Repository Layout Definition

This is the final layout for the repository available in Maven 2.x and its related Ant tasks.

This document should be incorporated into the main Maven site shortly, and a link left here as some external people have linked in directly.

Issues with the old layout

  • It doesn't scale physically. The disk at ibiblio is completly trashed during peak hours. I've had cases where it used a minute and a half for doing ls in the root.
  • For a user using browsing the repository through a browser it's hard to locate the artifacts the user want because of the number of files in the directory. This might not be a really big problem if we make a application on top of the repository for browsing.
  • The layout doesn't differ between "primary" and "secondary" artifacts. ("secondary" artifacts beeing javadoc, sources etc that do not have a POM of their own).

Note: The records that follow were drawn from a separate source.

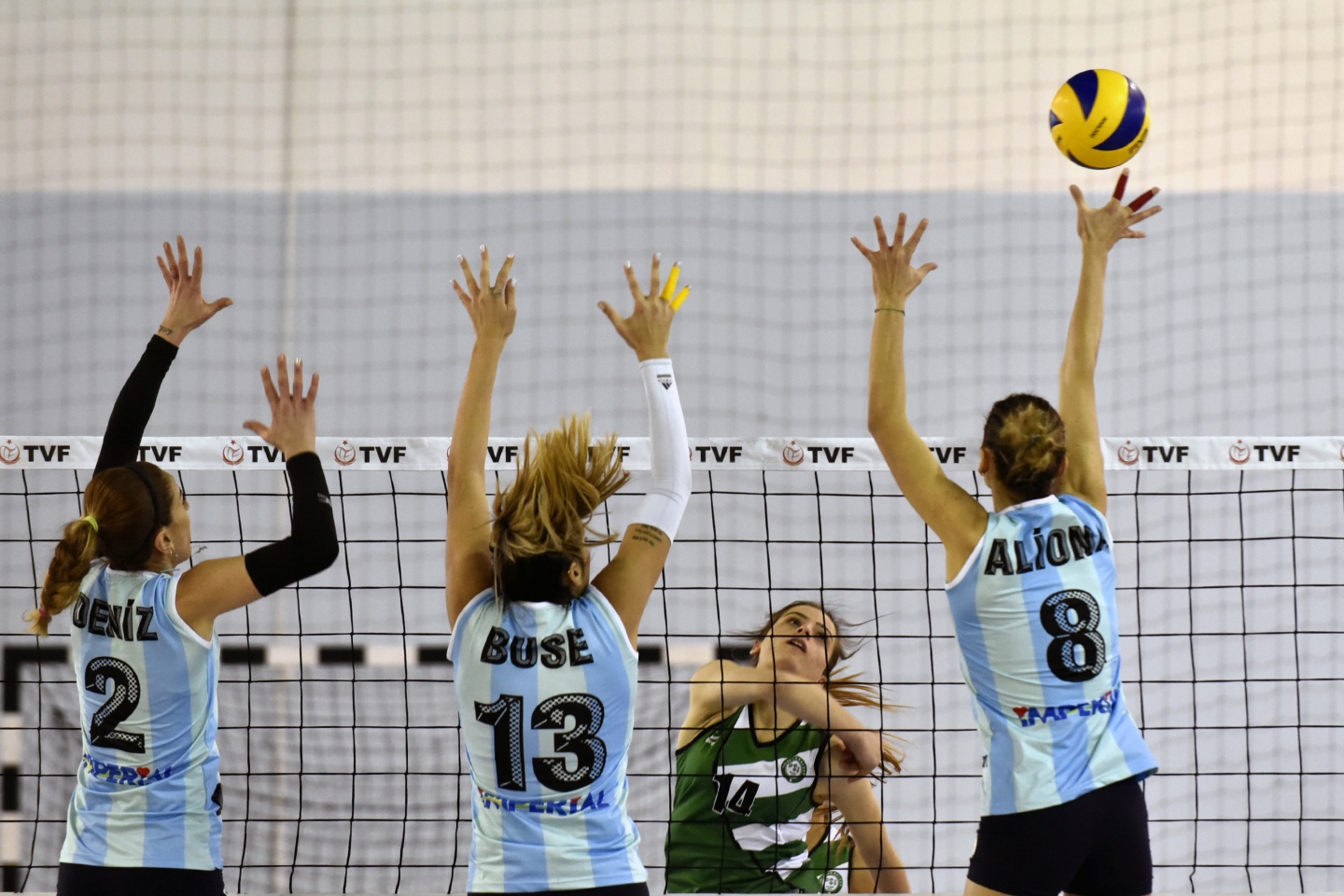 Gümüş Kızlar seriye devam dedi: 3-0 17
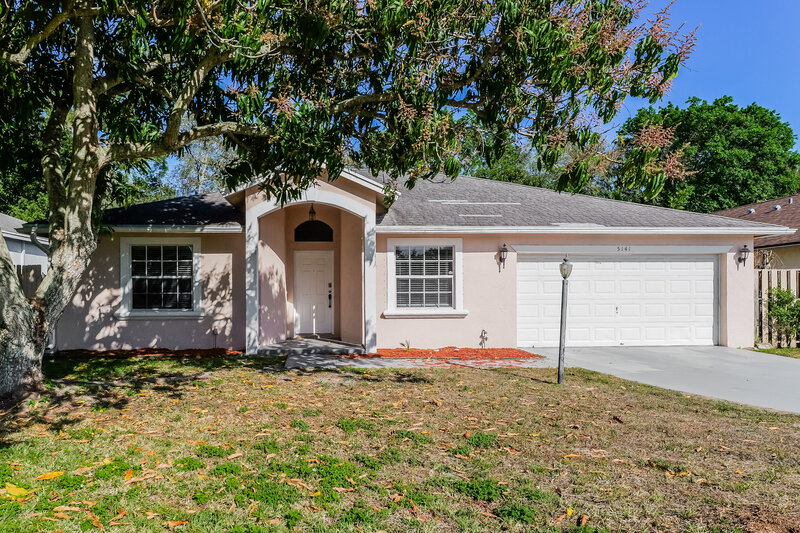 2,800/Mo, 5141 Willow Pond Rd W West Palm Beach, FL 33417 External View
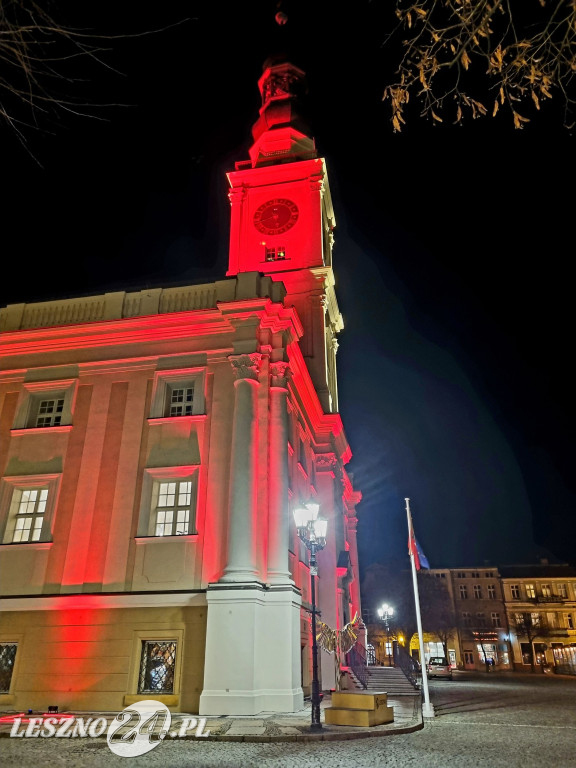 Ratusz w Lesznie podświetlony na czerwono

The current layout looks like this:

/$groupId/$type + "s"/$artifactId-$version.$type

The new layout:

Changes from the old way includes:

  • Overall, the entire directory tree is much deeper. This is for both so that it will scale better in terms of number of files/directories in a single directory. This will ensure that the harddisks that are hosting the repository isn't thrashed like they are on ibiblio today and it will be easier for a user to get a overview over a artifact, the versions of a artifact and the secondary artifacts it has.
  • For each primary artifact there is a pom file.
  • No symlinks.

For primary artifacts:

/$groupId[0]/../${groupId[n]/$artifactId/$version/$artifactId-$version.$extension

For secondary artifacts:

/$groupId[0]/../$groupId[n]/$artifactId/$version/$artifactId-$version-$classifier.$extension

$groupId is a array of strings made by splitting the groupId's on "." into directories. The group org.apache.maven would then yield: org/apache/maven. This should mostly mirror the package structure in Java, though can apply to any language.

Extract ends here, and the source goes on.